The Nagorno-Karabakh War has finally ended, and Presidents Aliyev, Erdogan, and Putin all deserve next year’s Nobel Peace Prize for bringing it about. The Azerbaijani leader implemented the four UNSC Resolutions on the matter that had hitherto failed to politically resolve the conflict, with full support from his Turkish counterpart, which in turn inspired the Russian leader to intervene in encouraging his Armenian ally to finally agree to peace. This dramatic development was the result of close diplomatic coordination at the highest levels.
Azerbaijan warned over the summer that Armenia’s unprovoked attack against it along their international frontier was the sign of something much worse to come. Baku was proven correct after Yerevan launched another failed attack against its neighbour several months later at the end of September, which resulted in Azerbaijan commencing its ultimately successful counteroffensive. The Azerbaijani Armed Forces were greatly aided by the military equipment and political support that they earlier received from Turkey.

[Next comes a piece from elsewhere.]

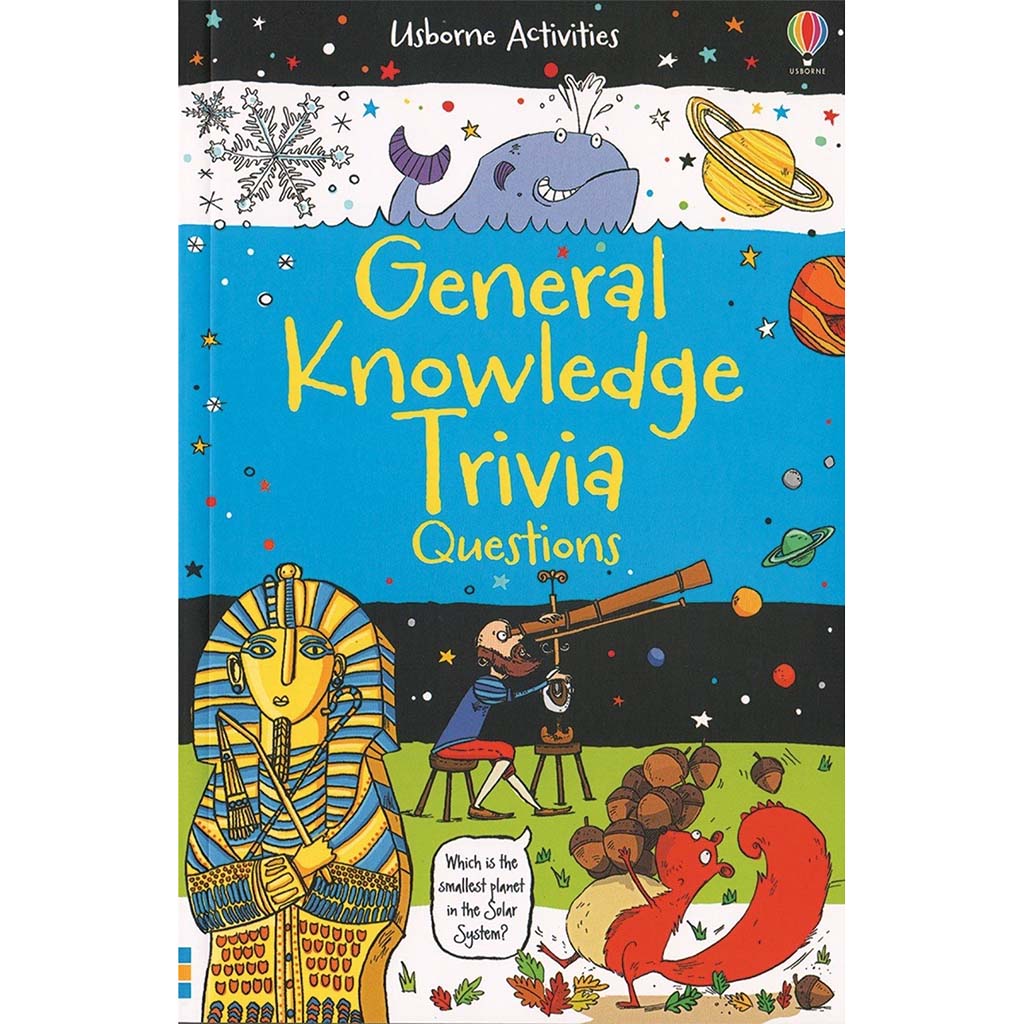 General Knowledge Trivia Questions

At the time, many observers feared the possible eruption of a larger conflict if Russia intervened on its Armenian CSTO military ally’s side, which could have in turn prompted a reciprocal Turkish military intervention in Azerbaijan’s support. To Moscow’s full credit, it remained totally neutral during these tense times and even reiterated its official position that it adheres to the four UNSC Resolutions that it earlier promulgated which demanded that Armenia withdraw from the universally recognised Azerbaijani territory under occupation.
Nevertheless, Russia warned that any spread of the conflict into Armenia’s internationally recognised borders would compel it to consider activating the CSTO’s mutual defence clause, but that comment was moot since Azerbaijan never harboured any such intentions. If anything, that proclamation served as a public warning to Armenia to withdraw from Azerbaijan since it cannot depend on Russia to support its colonial occupation of that country’s territory.

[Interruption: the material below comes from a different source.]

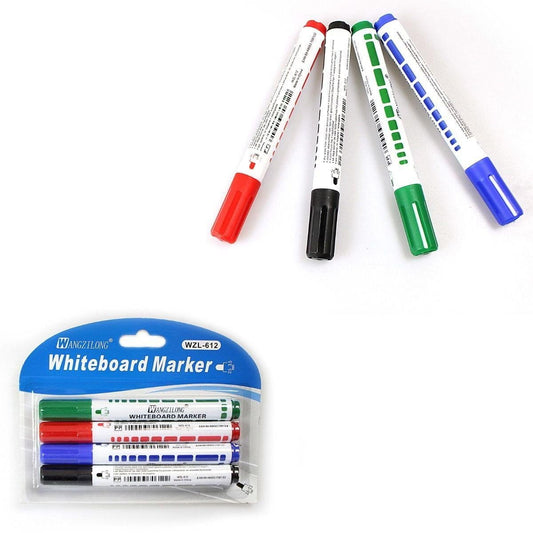 Vibrant Whiteboard Markers for Art Craft Office Use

Intense diplomatic efforts had been underway between Russia and Turkey since the resumption of the conflict in late September. These two Great Powers closely communicated with one another and coordinated their moves in order to avoid the unintentional outbreak of the larger war that so many feared. Armenia, from a position of utter desperation, dangerously tried to provoke that worst-case scenario by misportraying the conflict as a so-called “Clash of Civilisations” and committing war crimes by bombing Azerbaijani cities.
President Aliyev deserves the greatest appreciation for not falling into the trap of responding symmetrically, which could have served as a tripwire for Russia to intervene even if only to “save face”. It was through the result of trilateral Azerbaijani-Turkish-Russian diplomatic efforts that Armenia’s dangerous scheme to spark a regional war failed and Moscow became aware of the extent to which its ally was attempting to manipulate it. Still, Armenia refused to surrender and even went on a war crime spree by bombing more cities.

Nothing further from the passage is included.